Computers and the Python interpreters that run our programs may tend to get faster over time, and our code will run faster as a result.

Complexity analysis is interested only in those second two parts and the relationship between them. How much work does a given algorithm need to do to complete a task, as a function of the input size?

An algorithm is a bit more general than code. It's a description of the steps that must be performed to complete the task. We might *implement" an algorithm in different languages. For example, here's an algorithm for finding the biggest number in a list:

Take a list, and set x to be the first item in that list.
Iterate over each item in the list, putting each value in y:
    if y is bigger than x, then set x equal to y
Output x, as the biggest number in the list

We could convert that to Python code:

In [1]:
nums = [5,3,2,9,8]
x = nums[0]
for y in nums:
    if y > x:
        x = y
x
Out[1]:
9

The algorithm is more general than this specific Python code -- you could imagine implementing the algorithm in the code of other programming languages (C, Go, JavaScript, etc).

Complexity analysis is interested in how much "work" needs to be done, as the "input size" increases.
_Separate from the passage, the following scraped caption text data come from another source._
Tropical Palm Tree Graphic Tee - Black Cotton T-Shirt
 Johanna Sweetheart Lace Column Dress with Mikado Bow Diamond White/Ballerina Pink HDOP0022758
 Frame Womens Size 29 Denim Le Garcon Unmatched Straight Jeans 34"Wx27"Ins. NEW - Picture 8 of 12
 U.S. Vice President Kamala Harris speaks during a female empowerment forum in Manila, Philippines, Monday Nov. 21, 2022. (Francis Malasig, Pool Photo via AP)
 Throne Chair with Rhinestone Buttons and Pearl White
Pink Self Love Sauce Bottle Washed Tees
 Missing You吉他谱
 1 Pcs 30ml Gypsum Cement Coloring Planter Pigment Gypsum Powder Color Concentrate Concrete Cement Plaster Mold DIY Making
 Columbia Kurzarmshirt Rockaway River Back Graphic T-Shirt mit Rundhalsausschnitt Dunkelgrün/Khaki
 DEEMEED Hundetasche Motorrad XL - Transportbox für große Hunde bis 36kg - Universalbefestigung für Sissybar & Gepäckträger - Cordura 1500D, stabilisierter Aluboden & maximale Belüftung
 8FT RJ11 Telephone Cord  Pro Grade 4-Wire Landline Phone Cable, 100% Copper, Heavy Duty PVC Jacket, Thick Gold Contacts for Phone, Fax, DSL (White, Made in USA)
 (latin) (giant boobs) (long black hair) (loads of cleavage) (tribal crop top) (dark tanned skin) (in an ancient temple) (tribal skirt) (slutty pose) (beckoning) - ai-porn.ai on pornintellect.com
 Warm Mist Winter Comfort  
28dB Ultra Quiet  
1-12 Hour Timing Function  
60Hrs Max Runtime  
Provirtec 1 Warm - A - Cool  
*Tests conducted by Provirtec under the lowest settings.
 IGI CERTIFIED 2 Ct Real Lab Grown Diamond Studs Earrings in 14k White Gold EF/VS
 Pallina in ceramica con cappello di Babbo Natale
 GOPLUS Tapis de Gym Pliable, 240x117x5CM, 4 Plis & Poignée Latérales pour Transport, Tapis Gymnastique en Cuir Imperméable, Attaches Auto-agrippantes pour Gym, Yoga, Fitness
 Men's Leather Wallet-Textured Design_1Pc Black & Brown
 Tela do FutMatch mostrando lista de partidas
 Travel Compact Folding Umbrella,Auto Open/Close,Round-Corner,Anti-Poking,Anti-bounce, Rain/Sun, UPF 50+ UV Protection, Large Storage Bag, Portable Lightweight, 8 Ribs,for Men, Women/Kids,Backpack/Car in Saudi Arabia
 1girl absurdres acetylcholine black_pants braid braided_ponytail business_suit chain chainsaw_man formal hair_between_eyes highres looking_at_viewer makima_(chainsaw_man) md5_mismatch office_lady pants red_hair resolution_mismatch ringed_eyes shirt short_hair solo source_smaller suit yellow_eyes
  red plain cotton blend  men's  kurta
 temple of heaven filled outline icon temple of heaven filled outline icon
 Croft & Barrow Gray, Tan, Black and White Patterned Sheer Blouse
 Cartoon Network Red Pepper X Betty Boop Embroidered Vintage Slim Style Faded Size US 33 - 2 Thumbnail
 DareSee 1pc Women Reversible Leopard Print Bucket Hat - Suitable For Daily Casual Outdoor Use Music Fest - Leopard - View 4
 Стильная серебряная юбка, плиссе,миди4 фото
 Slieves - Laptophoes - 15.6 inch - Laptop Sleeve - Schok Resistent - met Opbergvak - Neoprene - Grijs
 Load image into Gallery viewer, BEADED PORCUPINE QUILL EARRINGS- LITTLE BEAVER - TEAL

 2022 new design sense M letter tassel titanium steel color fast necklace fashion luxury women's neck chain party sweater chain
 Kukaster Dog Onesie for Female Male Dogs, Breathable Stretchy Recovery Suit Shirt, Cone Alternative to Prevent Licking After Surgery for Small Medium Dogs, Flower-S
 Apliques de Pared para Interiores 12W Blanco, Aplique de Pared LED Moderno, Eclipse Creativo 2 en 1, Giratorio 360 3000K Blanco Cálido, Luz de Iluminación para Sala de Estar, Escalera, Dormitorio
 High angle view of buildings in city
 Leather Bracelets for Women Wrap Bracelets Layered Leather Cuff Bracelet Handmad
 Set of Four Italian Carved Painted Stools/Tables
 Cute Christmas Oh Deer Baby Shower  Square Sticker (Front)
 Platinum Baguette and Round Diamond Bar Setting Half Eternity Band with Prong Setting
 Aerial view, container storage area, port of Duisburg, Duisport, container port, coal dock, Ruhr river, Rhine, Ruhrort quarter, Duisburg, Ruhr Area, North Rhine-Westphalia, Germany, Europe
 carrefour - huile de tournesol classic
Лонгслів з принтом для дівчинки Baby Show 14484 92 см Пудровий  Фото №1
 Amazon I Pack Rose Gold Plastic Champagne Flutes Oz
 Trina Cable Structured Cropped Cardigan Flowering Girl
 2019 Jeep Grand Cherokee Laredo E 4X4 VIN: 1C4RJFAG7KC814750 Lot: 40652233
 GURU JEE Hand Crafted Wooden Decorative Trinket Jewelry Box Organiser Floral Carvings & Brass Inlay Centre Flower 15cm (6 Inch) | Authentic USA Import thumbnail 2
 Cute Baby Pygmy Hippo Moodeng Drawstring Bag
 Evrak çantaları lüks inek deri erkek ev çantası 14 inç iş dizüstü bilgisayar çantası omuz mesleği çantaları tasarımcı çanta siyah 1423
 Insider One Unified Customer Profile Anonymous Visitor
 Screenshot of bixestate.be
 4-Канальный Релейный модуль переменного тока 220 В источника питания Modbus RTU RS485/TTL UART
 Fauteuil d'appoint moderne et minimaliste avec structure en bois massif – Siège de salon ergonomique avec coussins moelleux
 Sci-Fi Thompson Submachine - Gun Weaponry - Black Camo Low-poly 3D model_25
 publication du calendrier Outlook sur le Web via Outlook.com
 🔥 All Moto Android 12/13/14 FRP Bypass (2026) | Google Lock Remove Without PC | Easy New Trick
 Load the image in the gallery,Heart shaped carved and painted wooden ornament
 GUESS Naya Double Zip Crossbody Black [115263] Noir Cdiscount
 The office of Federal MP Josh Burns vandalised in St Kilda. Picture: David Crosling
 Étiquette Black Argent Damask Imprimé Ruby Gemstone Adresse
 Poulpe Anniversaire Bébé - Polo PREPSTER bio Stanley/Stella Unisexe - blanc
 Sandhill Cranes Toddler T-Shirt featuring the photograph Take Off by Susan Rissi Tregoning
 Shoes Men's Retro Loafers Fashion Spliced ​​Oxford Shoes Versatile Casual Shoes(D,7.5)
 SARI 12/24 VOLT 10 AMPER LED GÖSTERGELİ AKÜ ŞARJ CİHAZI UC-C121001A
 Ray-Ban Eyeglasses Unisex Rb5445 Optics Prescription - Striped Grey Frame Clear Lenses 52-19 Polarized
We'll postpone talking about how to measure "work" in terms of "steps." Input size is a bit simple: we could say the input size is $N$, where N = len(nums). We could also use other variables (those N is most common). For other algorithms, there might be other ways to measure the input size that make more sense, like the size of a file, length of a string, or number of entries in a dictionary.

Big O

Big-O notation is a mathematical way of communicating how quickly the outputs of a function grow as the inputs grow. This will be useful because we will eventually have functions like $y = f(x)$, where $f$ is a function that tells us how much work our algorithm must do ($y$ will be the number of "steps" -- defined later; $x$ will be the size of the input, such as the length of a list).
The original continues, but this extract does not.